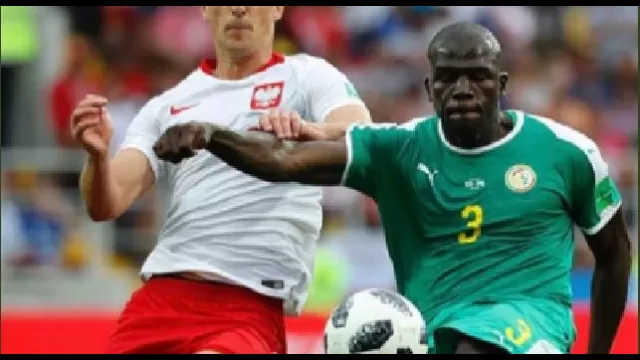 Koulibaly e Milik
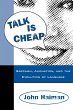 Talk Is Cheap - Bild 1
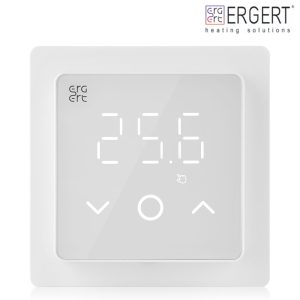 Ergert FLOOR CONTROL 380 white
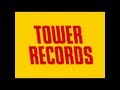 Beastie Boys HD :  Tower Records Commercial # 2 - 1994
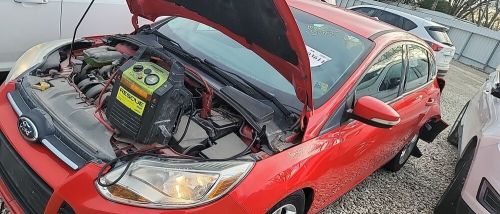 2014 Ford Focus 2.0L Engine Motor 4cyl OEM 135K Miles - LKQ369311984, US $598.01, image 3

▶ **ABOUT THIS TASK**: What is the exact wording of the lines from the one bearing "Ergert FLOOR CONTROL 380 white" through the final line of the records above? Write it out without the pictures.

▶ **FINISHED EXERCISE**:
 Ergert FLOOR CONTROL 380 white
 Beastie Boys HD :  Tower Records Commercial # 2 - 1994
 2014 Ford Focus 2.0L Engine Motor 4cyl OEM 135K Miles - LKQ369311984, US $598.01, image 3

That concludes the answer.